An object lesson for Guyanese citizens on the tendency for Opposition politicians to exploit irresponsible populism to garner votes has been the volte-face on the A Partnership for National Unity (APNU) and the Alliance For Change (AFC) on their promise to reduce the Value Added Tax (VAT). From the moment the People’s Progressive Party/Civic (PPP/Civic) introduced the 16 per cent VAT in 2007, the mantra of the then Opposition was it was just another mechanism to “punish poor people”.
The reduction of VAT became one of the major issues during the 2011 and 2015 elections, with the Opposition parties calling for slashing the rate by half and later settling for a three per cent reduction. The PPP/C Government balked and insisted in light of globalisation and liberalisation, the VAT was the most equitable method of collecting revenues to compensate for the reduced revenues precipitated by lowered tariffs under the new international trading regimes. The World Bank and International Monetary Fund (IMF) had consistently recommended VAT as a more efficient method of collecting taxes on consumption rather than the old Consumption Tax it replaced. By the time Guyana adopted VAT, Jamaica, T&T and Barbados were already on board. Today, more than 140 countries collect VAT.
However, while VAT is a fiscal measure concerned with generating revenues for the State to function, it obviously has a social impact which Governments have to take into consideration. This is frequently dealt with by exempting basic food and other items that form a larger part of the shopping basket of the poor. In Guyana, the PPP/C exempted a large number of foods such as rice, etc, from VAT. Obviously another route would be reducing the overall rate which would have to be calibrated, so that the State still collected enough revenue to perform the functions demanded by citizens.
One of the 21 promises made by the new APNU/AFC Government – to be completed in its first 100 days in office – was to: “Immediately implement a phased reduction of VAT and the removal of VAT from food and other essential items”. But as with so many of the promises, there was no change. What the Government did was to follow the old British tactic of establishing a Committee in June to re-examine the tax regime and within that context, reduce VAT as it has been promising for seven years.
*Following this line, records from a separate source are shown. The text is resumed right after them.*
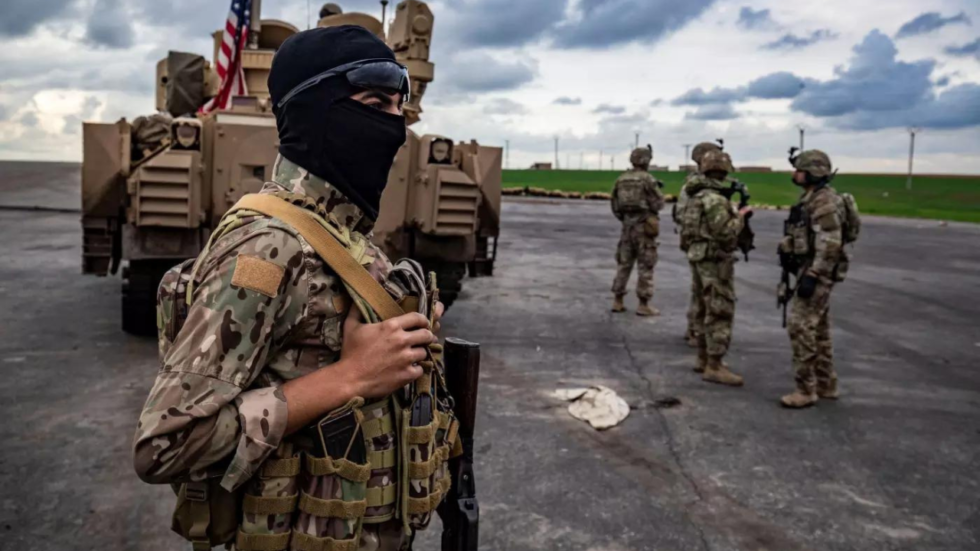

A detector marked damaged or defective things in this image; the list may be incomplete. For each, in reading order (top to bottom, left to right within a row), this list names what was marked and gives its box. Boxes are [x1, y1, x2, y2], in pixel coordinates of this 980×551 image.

cracked pavement [1, 165, 980, 551]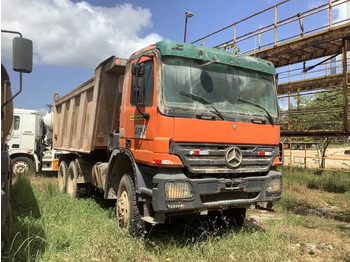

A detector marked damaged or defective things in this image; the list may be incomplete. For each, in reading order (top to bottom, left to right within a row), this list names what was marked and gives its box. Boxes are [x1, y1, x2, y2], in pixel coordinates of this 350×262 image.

rusty tipper body [55, 41, 284, 235]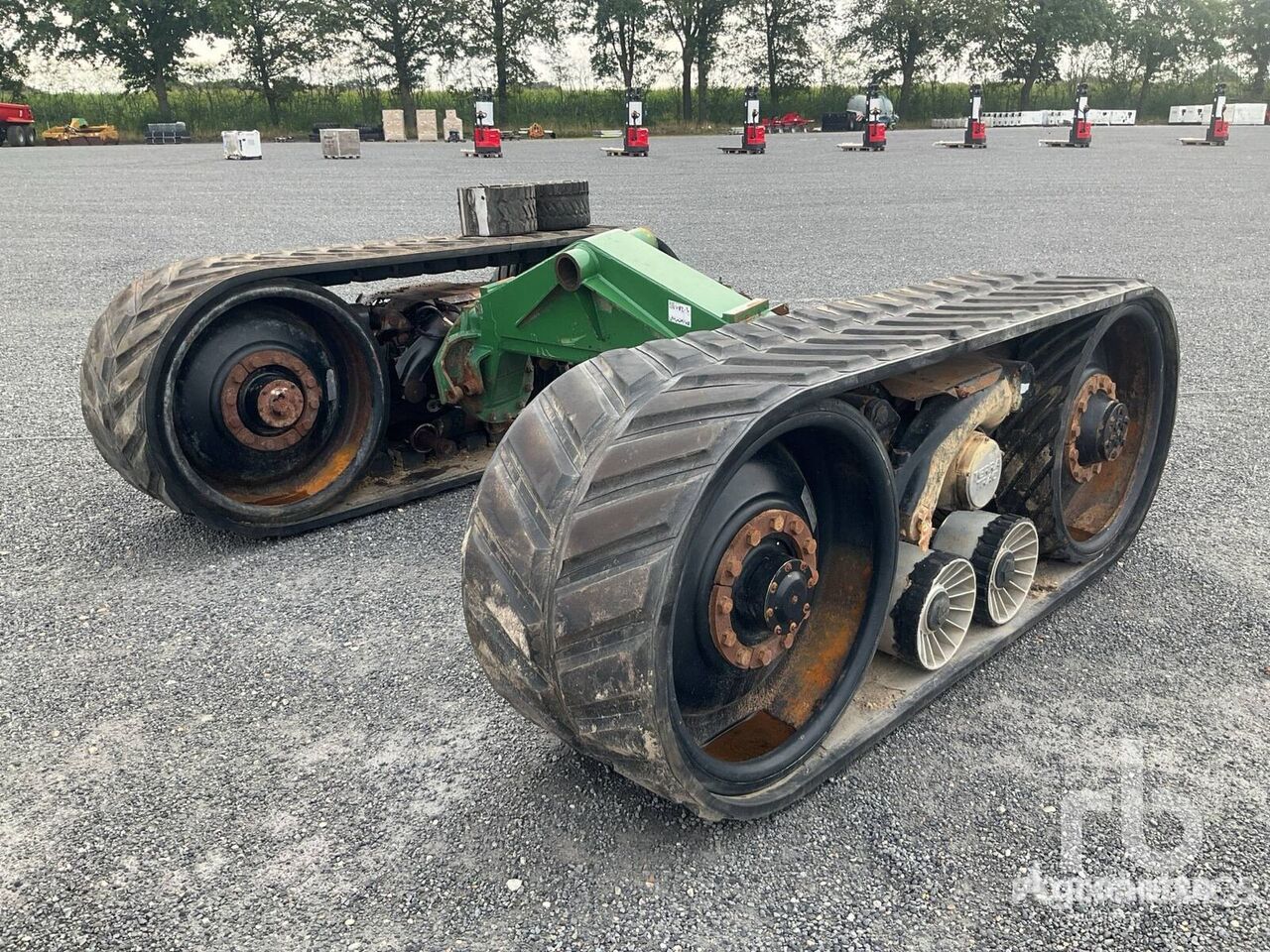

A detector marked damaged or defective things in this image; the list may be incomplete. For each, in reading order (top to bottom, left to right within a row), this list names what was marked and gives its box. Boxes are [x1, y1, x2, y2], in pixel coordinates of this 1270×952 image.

rusty wheel hub [218, 350, 319, 454]
rusty wheel hub [1067, 373, 1127, 484]
rusty wheel hub [710, 510, 818, 674]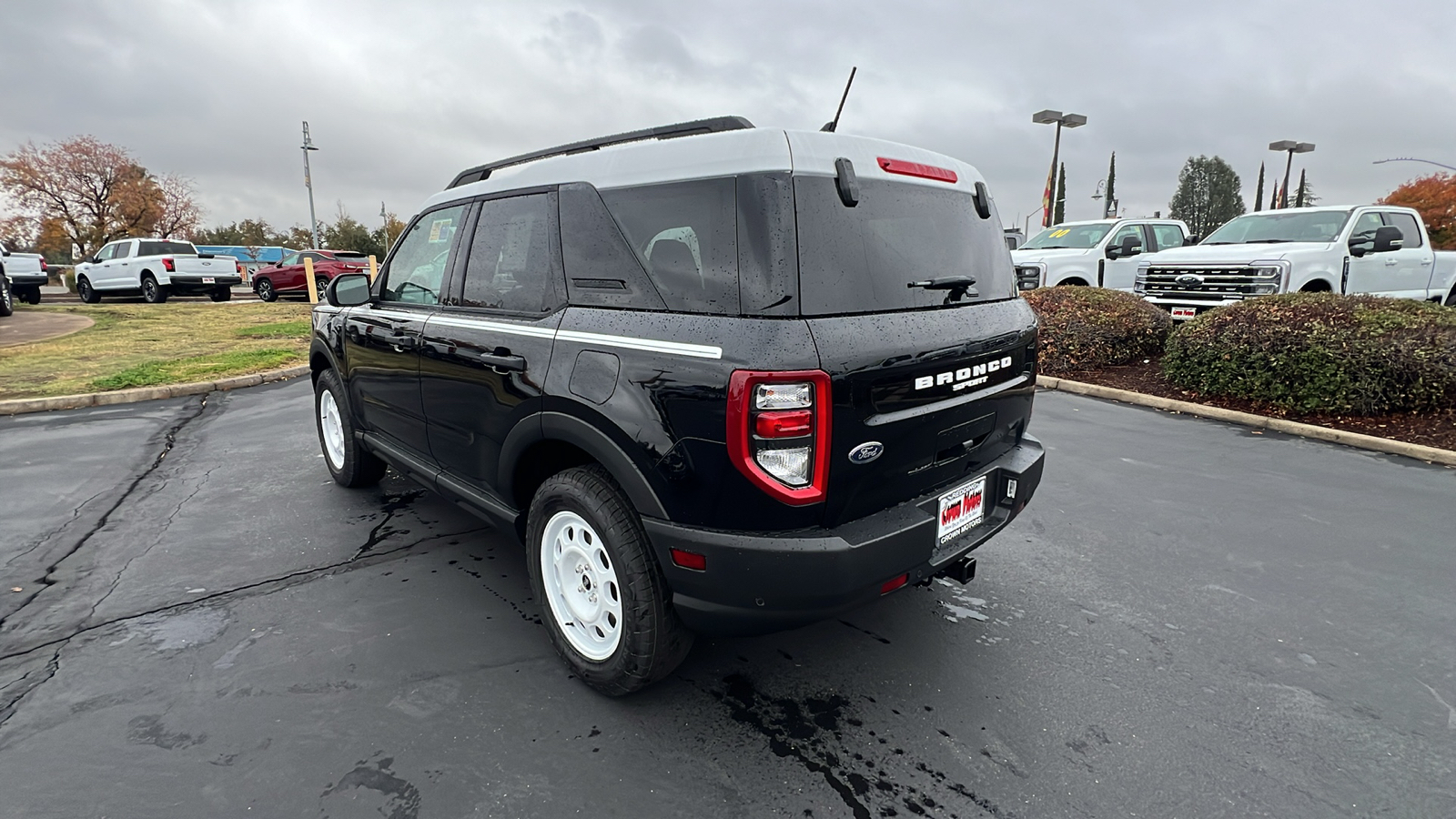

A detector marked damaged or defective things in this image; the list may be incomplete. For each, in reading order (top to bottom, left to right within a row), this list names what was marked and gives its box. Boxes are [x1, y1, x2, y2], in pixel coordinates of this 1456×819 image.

When the Budget was presented in August; however, there was no reduction in VAT but only some inconsequential extension of zero-rated items.
The Committee submitted its recommendations on January 18, 2016, but without revealing its specifics, Finance Minister Winston Jordan confessed that “reducing VAT was not straightforward”. Repeating the PPP/C’s arguments since 2007 against APNU and AFC, Jordan stated that if the VAT were reduced, some zero rated items would have to attract VAT and this would be regressive from a social perspective. He alluded to the situation in Trinidad and Tobago, where the Government had just reduced VAT from 15 per cent to 12.5 per cent, but simultaneously taxed some previously zero-rated items.
In his presentation two weeks later when he presented Budget 2016, Jordan still did not reveal the proposals of the Tax Reform Committee on VAT, only saying they were “submitted too late”. It is now revealed that the Committee had recommended a reduction of two per cent bringing the VAT rate to 14 per cent. During the Budget debate, the now-Opposition PPP/C reminded the Government of its Manifesto promise on VAT and promised to support any reduction that would be proposed. Another suggestion, which had been proffered for years by now Minister of Tourism Cathy Hughes, was to lower VAT in tourism – a practice followed in several tourism locales. For instance, the Bahamas has a 15 per cent VAT but 10 per cent for tourism, while Barbados reduced their 17.5 per cent VAT even more steeply for tourism – 7.5 per cent. Unfortunately, there has been no change on tourism VAT also.
We await this Government’s action on VAT.